The root of the problem is most likely that I didn't allocate enough memory. I will try to think about this and do it correctly and then answer to my question. Silly me. :-[ It doesn't explain the warps not showing up in stdout though...

Original question

I created a templated kernel in CUDA in which I iterate over sections of grayscale image data in global memory (shared memory optimizations are due when I get this working) to achieve morphological operations with disc-shaped structure elements. Each thread corresponds to a pixel of the image. When the data type is char, everything works as expected, all my threads do what they should. When I change it to unsigned short, it starts acting up and only computes the upper half of my image. When I put in some printfs (my device has 2.0 CC), I found out that some of the warps that should run aren't even computed.

Here's the relevant code.

From my main.cpp I call gcuda::ErodeGpuGray8(img, radius); and gcuda::ErodeGpuGray16(img, radius); which are the following functions:

// gcuda.h
…
i3d::Image3d<i3d::GRAY8> ErodeGpuGray8(i3d::Image3d<i3d::GRAY8> img, const unsigned int radius);
i3d::Image3d<i3d::GRAY16> ErodeGpuGray16(i3d::Image3d<i3d::GRAY16> img, const unsigned int radius);
…

// gcuda.cu
…
// call this from outside
Image3d<GRAY8> ErodeGpuGray8(Image3d<GRAY8> img, const unsigned int radius) {
    return ErodeGpu<GRAY8>(img, radius);
}

// call this from outside
Image3d<GRAY16> ErodeGpuGray16(Image3d<GRAY16> img, const unsigned int radius) {
    return ErodeGpu<GRAY16>(img, radius);
}
…

The library I'm using defines GRAY8 as char and GRAY16 as unsigned short.

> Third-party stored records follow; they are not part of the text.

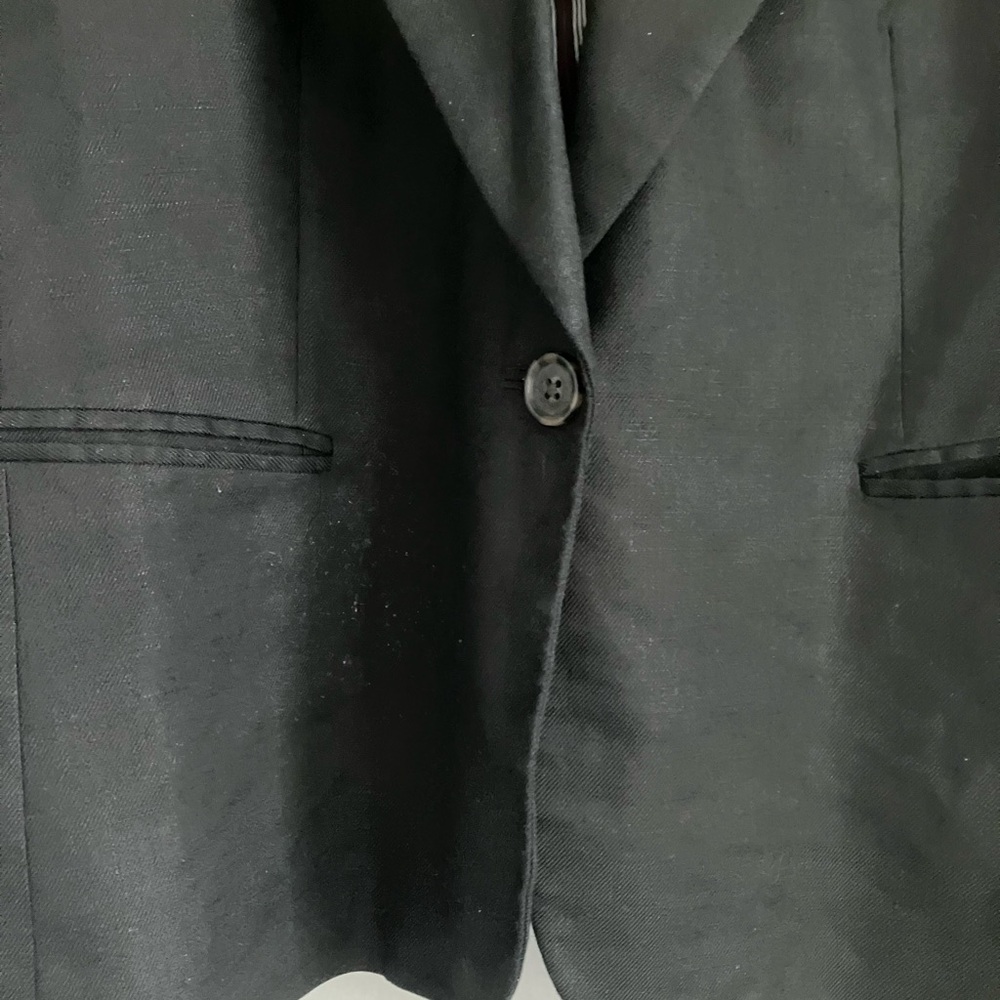 J CREW Parke Black Linen Blend Blazer Size 18 - Picture 6 of 12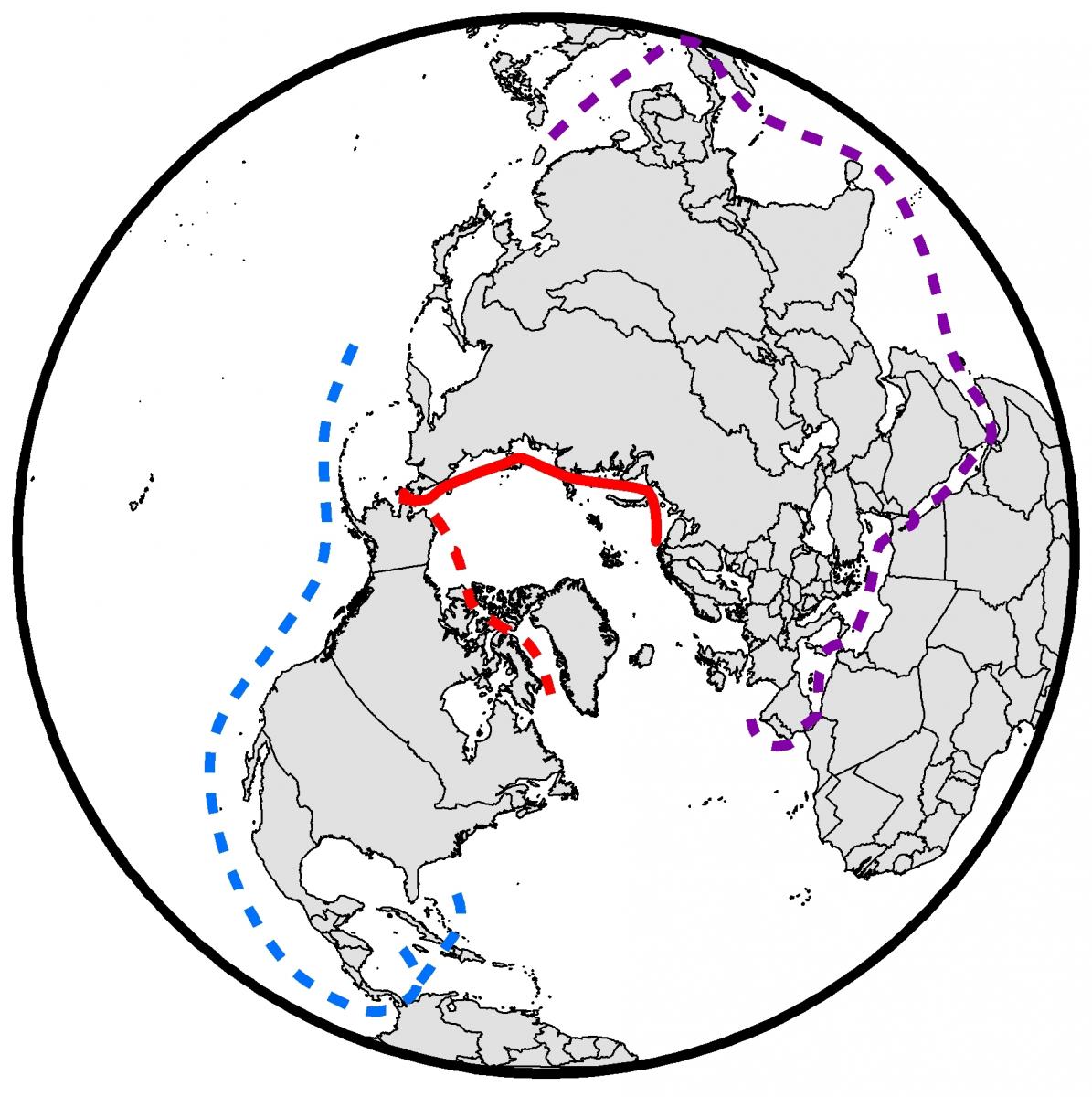 Graphic showing new shipping routes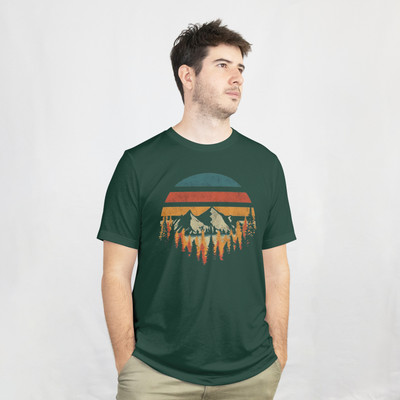 Arctica Graphic Print Men Round Neck Green T-Shirt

Here's how I call the kernel (blockSize is a const int set to 128 in the relevant namespace):

// gcuda.cu
template<typename T> Image3d<T> ErodeGpu(Image3d<T> img, const unsigned int radius) {
    unsigned int width = img.GetWidth();
    unsigned int height = img.GetHeight();
    unsigned int w = nextHighestPower2(width);
    unsigned int h = nextHighestPower2(height);
    const size_t n = width * height;
    const size_t N = w * h;

    Image3d<T>* rslt = new Image3d<T>(img);
    T *vx = rslt->GetFirstVoxelAddr();

    // kernel parameters
    dim3 dimBlock( blockSize );
    dim3 dimGrid( ceil( N / (float)blockSize) );

    // source voxel array on device (orig)
    T *vx_d;

    // result voxel array on device (for result of erosion)
    T *vxr1_d;

    // allocate memory on device
    gpuErrchk( cudaMalloc( (void**)&vx_d, n ) );
    gpuErrchk( cudaMemcpy( vx_d, vx, n, cudaMemcpyHostToDevice ) );

    gpuErrchk( cudaMalloc( (void**)&vxr1_d, n ) );
    gpuErrchk( cudaMemcpy( vxr1_d, vx_d, n, cudaMemcpyDeviceToDevice ) );

    ErodeGpu<T><<<dimGrid, dimBlock>>>(vx_d, vxr1_d, n, width, radius);

    gpuErrchk( cudaMemcpy( vx, vxr1_d, n, cudaMemcpyDeviceToHost ) );

    // free device memory
    gpuErrchk( cudaFree( vx_d ) );
    gpuErrchk( cudaFree( vxr1_d ) );

    // for debug purposes
    rslt->SaveImage("../erodegpu.png");
    return rslt;
}

The dimensions of my testing image are 82x82, so n = 82*82 = 6724 and N = 128*128 = 16384.

This is my kernel:

// gcuda.cu
// CUDA Kernel -- used for image erosion with a circular structure element of radius "erosionR"
template<typename T> __global__ void ErodeGpu(const T *in, T *out, const unsigned int n, const int width, const int erosionR)
{
    ErodeOrDilateCore<T>(ERODE, in, out, n, width, erosionR);
}

// The core of erosion or dilation. Operation is determined by the first parameter
template<typename T> __device__ void ErodeOrDilateCore(operation_t operation, const T *in, T *out, const unsigned int n, const int width, const int radius) {
    // get thread number, this method is overkill for my purposes but generally should be bulletproof, right?
    int blockId = blockIdx.x + blockIdx.y * gridDim.x + gridDim.x * gridDim.y * blockIdx.z;
    int threadId = blockId * (blockDim.x * blockDim.y * blockDim.z) + (threadIdx.z * (blockDim.x * blockDim.y)) + (threadIdx.y * blockDim.x) + threadIdx.x;
    int tx = threadId;

    if (tx >= n) {
        printf("[%d > %d]", tx, n);
        return;
    } else {
        printf("{%d}", tx);
    }

    … (erosion implementation, stdout is the same when this is commented out so it's probably not the root of the problem)
}

To my understanding, this code should write a randomly sorted set of [X > N] and {X} strings to stdout, where X = thread ID and there should be n curly-bracketed numbers (i.e. the output of threads with the index < n) and N - n of the rest, but when I run it and count the curly-bracketed numbers using a regex, I find out that I only get 256 of them. Furthermore, they seem to occur in 32-member groups, which tells me that some warps are run and some are not.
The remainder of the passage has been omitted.